Fifth Amendment Privilege in Civil Proceedings
“The privilege against self-incrimination protects the person claiming it from being
compelled to give answers that would in themselves support a conviction or that would furnish a
link in the chain of evidence needed to prosecute the claimant for a crime.” United States v. Jones,
703 F.2d 473, 475 (10th Cir. 1983) (internal quotation marks omitted). “The privilege extends to
questions propounded in a civil action, whether the claimant is a party or a witness,” and the
privilege may be asserted whenever “the witness has reasonable cause to apprehend danger from
a direct answer.” Id. at 475-76. “The fear must be reasonable in light of the witness’ specific
circumstances, the content of the questions, and the setting in which the questions are asked.” Id.
A court must evaluate each question, and the claim of privilege cannot be sustained if the fear of
self-incrimination rests on “remote and speculative possibilities” rather than “real dangers.” Id.
Once a “court determines that the answers requested would tend to incriminate the witness,
it should not attempt to speculate whether the witness will in fact be prosecuted.” Id. at 478; see
also United States v. Nipper, 210 F. Supp. 2d 1259, 1262 (N.D. Okla. 2002) (“[C]ourts should not
engage in raw speculation as to whether the government will actually prosecute.”). “That
prosecution is possible is enough absent clear evidence of an absolute bar to prosecution.” Nipper,
210 F. Supp. 2d at 1262; 8 Charles Alan Wright, et. al, Federal Practice & Procedure § 2018 (3d
ed. 2014) (explaining that privilege is available “even if the risk of criminal prosecution is
remote”). Examples of “absolute bars” to prosecution include an express grant of immunity by
prosecutors or the expiration of the relevant statute of limitations. See generally United States v.
Von Behren, 822 F.3d 1139, 1146 (10th Cir. 2016) (holding that district court erred by assuming
an assurance from the government was a substitute for immunity and by speculating that witness
would not be prosecuted for answers given during polygraph examination).
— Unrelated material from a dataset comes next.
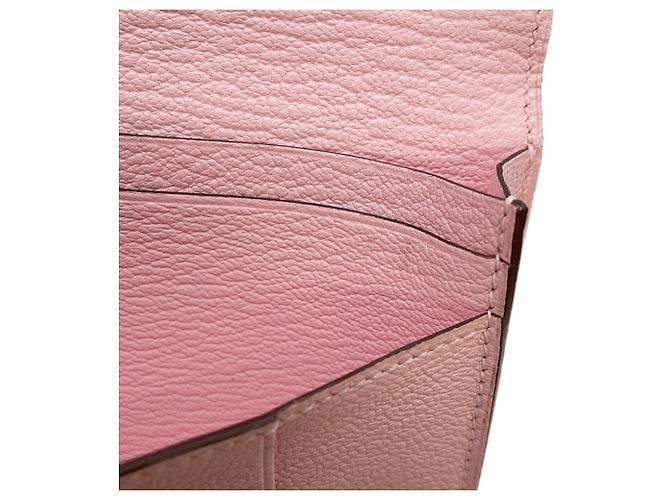 Cartera larga Hermès Bearn Soufflé en Rose Sakura Rosa - vista 10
Based on Omni’s allegations against Darling, there exists a possibility that Darling may be
criminally prosecuted for the conduct alleged in the Complaint. The Complaint alleges Darling
acted with fraudulent intent and failed to pay Omni for parts. It further alleges Omni shipped
“thousands of parts” to AT1 in Texas and that Darling “converted at least dozens of Omni Parts
by selling same to third parties without Omni’s consent.” ECF No. 2 at ¶¶ 29-30. Omni further
alleges the existence of a conspiracy between Darling and Omni employees to conceal his
fraudulent scheme. This alleged conduct could potentially violate criminal laws. See, e.g., 21
Okla. Stat. § 421 (criminal conspiracy); 21 Okla. Stat. § 1451 (embezzlement); 21 Okla. Stat. §§
1541.1 and 1541.2 (obtaining property by trick or deception and penalties); 21 Okla. Stat. § 1701
(larceny). Further, the Complaint alleges conduct occurring as late as February 2017, and the
relevant statutes of limitations have not expired. Omni argues that it is not aware of any pending
criminal investigation. Nor has Defendant alleged he is the target of any criminal investigation.
However, Tenth Circuit law counsels against speculating as to the likelihood of prosecution in
determining whether to apply the Fifth Amendment privilege. Therefore, the Court rejects Omni’s
argument that the Court should compel production on a global basis based on the non-existence
and/or unlikelihood of any criminal prosecution.
Consequences of Darling’s Narrative Answer
Where a civil litigant fails to assert the privilege as to particular information in the same
proceeding, he may be precluded from later asserting the privilege as to that information or further
details regarding that information. See Microfinancial, Inc. v. Premier Holidays Int’l, Inc., 385
F.3d 72, 78 (1st Cir. 2004) (explaining that choices in civil litigation “have consequences” and
that, by failing to invoke his Fifth Amendment privilege, the witness “likely waived the privilege
with respect to the subject matter of his deposition testimony for the duration of the proceeding in
which that testimony was given”); United States v. Gary, 74 F.3d 304, 312 (1st Cir. 1996)
(explaining, in criminal context, that “[o]nce a witness voluntarily has revealed an incriminating
fact, ‘the privilege cannot be invoked to avoid disclosure of the details’”); Wirth v. Taylor, No.
2:09-CV-127 TS, 2011 WL 222323, at *2 (D. Utah Jan. 21, 2011) (declining to impose stay of
civil action due to parallel criminal proceeding because claimant had “already testified in two
depositions”). The Tenth Circuit has applied this general “waiver” concept to a pro se litigant in
deciding whether to stay civil proceedings. See Creative Consumer Concepts, Inc. v. Kreisler, 563
F.3d 1070, 1081 (10th Cir. 2009) (finding that pro se litigant waived her right against selfincrimination “with respect to the questions she answered during her deposition”).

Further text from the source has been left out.